In a simple snapshot configuration, the entire database and online redo logs reside within a single snapshot or consistency group.  A snapshot is created at a consistent point in time for all of those data structures.

screen-shot-2017-01-03-at-1-00-37-pm

This example shows a database and online redo logs that belong to a single snapshot or consistency group.  Three snapshots are taken over the course of time as indicated in red, orange, and blue.  Snapshots always reside within the same disk array as the primary copy of the database, so the disk array is a single point of failure.  Storage Administrator intervention is required to revert to (restore) a snapshot, so the DBA cannot work alone during recovery.  Finally, the simple snapshot configuration only allows you to REVERT to a snapshot, not recovery to points in time (or SCN’s) between snapshots.

Fundamental Challenges

The fundamental challenge is that Oracle databases consist of a set of interrelated structures that are constantly changing.  Oracle databases are never “quiesced” unless they are completely shutdown for a COLD backup, and very few customers can tolerate database downtime simply to perform a backup.  The following diagram shows some of the object relationship that exist within an Oracle database.
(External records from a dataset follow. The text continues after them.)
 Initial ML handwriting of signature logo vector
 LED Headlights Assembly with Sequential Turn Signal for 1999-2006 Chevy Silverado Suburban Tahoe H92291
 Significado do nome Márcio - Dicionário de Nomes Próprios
screen-shot-2017-01-03-at-1-17-03-pm

The diagram above shows a very simple database consisting of 2 tables, which are the EMP (Employee) and DEPT (Department) tables.  Each employee belongs to a department, so these two tables have a relationship defined between them.  Each table typically has one or more indexes defined on it, and indexes are obviously related to the data in the tables.  All of the indexes, tables, and other structures are recorded in the database metadata, which is stored in the Data Dictionary.  As transactions are executed against the database, Oracle stores UNDO information (needed to back-out changes) as well as REDO information, which is needed during database recovery.

All of the data in the database is mapped onto a set of files.  The database is constantly changing, and the underlying files are constantly changing.  Storage snapshots essentially emulate what happens during a system crash.  One of the core features of any database engine is to recover from a system crash without causing corruption in the database.  The Simple Snapshot configuration leverages this core feature of the database engine.
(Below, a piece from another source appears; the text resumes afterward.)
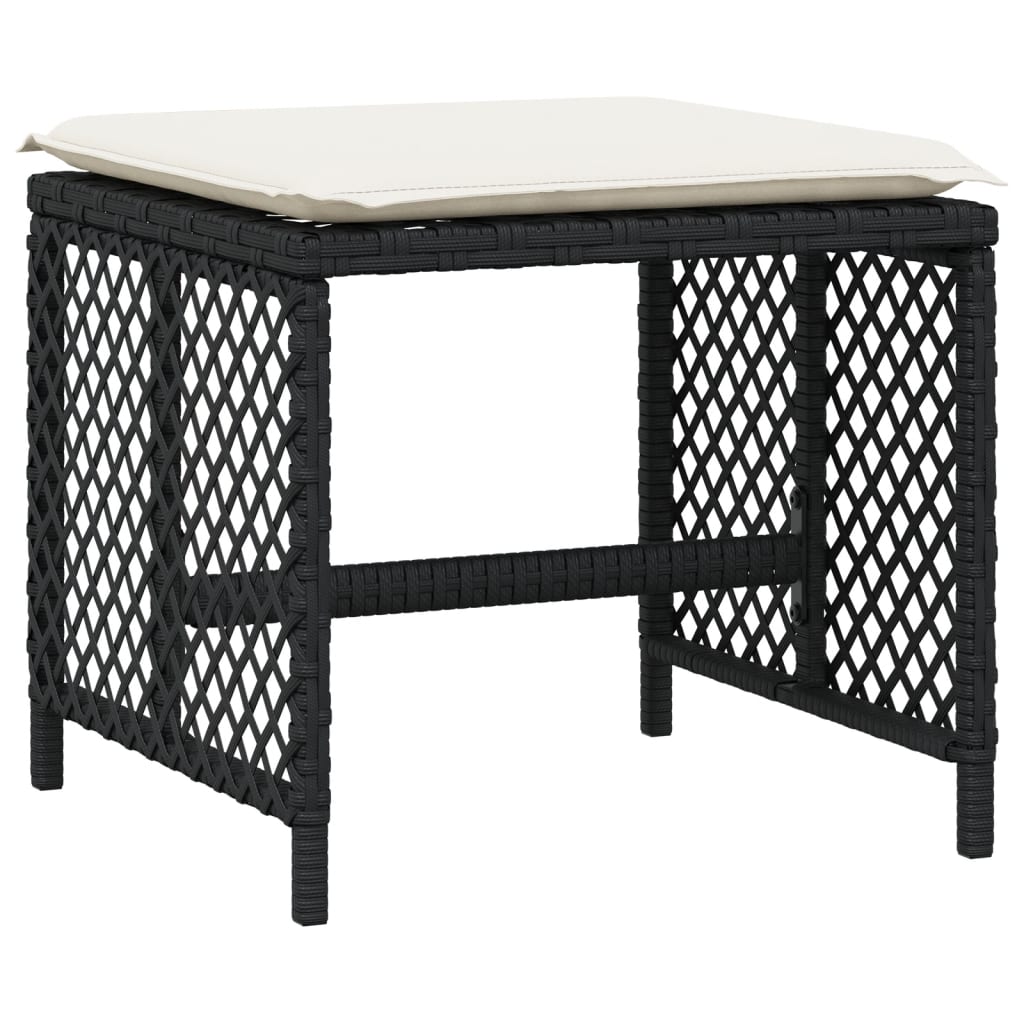 9 Piece Garden Dining Set with Cushions Black Poly Rattan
Archived Redo – Not Necessary and Not Usable

The Simple Snapshot configuration gives the ability to REVERT the entire database to specific points in time, but does not allow for RECOVERY to points on the timeline between snapshots.  In this configuration, there is no reason to use ARCHIVELOG MODE in the database, and no reason to create or backup archived redo logs.  The online logs contain all information needed to perform crash recovery when you REVERT to a snapshot.

Single Point of Failure

Since the database and all snapshots (the backups) reside within a single disk array, the array itself is a single point of failure.  I have personally seen the failure of an entire disk array on virtually every brand of disk array on the market.  It’s possible to lose the entire disk array, and this does happen in reality.  Please be sure to EXTERNALIZE the backup somewhere else if you are using storage snapshots for backups.
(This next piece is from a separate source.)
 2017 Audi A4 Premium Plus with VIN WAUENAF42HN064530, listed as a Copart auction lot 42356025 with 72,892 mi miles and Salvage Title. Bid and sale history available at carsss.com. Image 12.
Plan for the Worst, but Hope for the Best

Assuming you understand the exposure of having your database and all of the backups (snapshots) residing inside a single disk array, you should understand why it’s important to make a copy of those backups somewhere else (external to the disk array).  While it’s very FAST to simply revert to a snapshot, this is your BEST CASE time and performance of the recovery.

When you set expectations with your business users, be sure to plan for the worst and hope for the best.  Quote to your users the time it takes to bring the database back from the EXTERNAL location, then be happy if you’re able to use a snapshot instead.

 

 

Overview of Backup using Snapshots

This blog posting is one in a series of posts from my years working in the Oracle field support organization known as Advanced Customer Services (ACS).  #DatabaseParamedics

I will also be making a series of blog posts regarding how customers use storage snapshots for backup/recovery of Oracle databases.  #SnapshotBackups

Magical Qualities of Storage Snapshots

Storage Snapshots seem to have a magical quality when it comes to data protection, but not so magical once you’ve seen the dark side.  One of my first managers (before I joined Oracle) used to say that people often need a “Significant Emotional Event” before they truly understand the concept of risk.  In this series of blog posts, I hope everyone will come to understand in more detail why Oracle backup/recovery experts don’t like using snapshots for backups.  I also hope you can avoid having your own Significant Emotional Event and learn from the experience of others.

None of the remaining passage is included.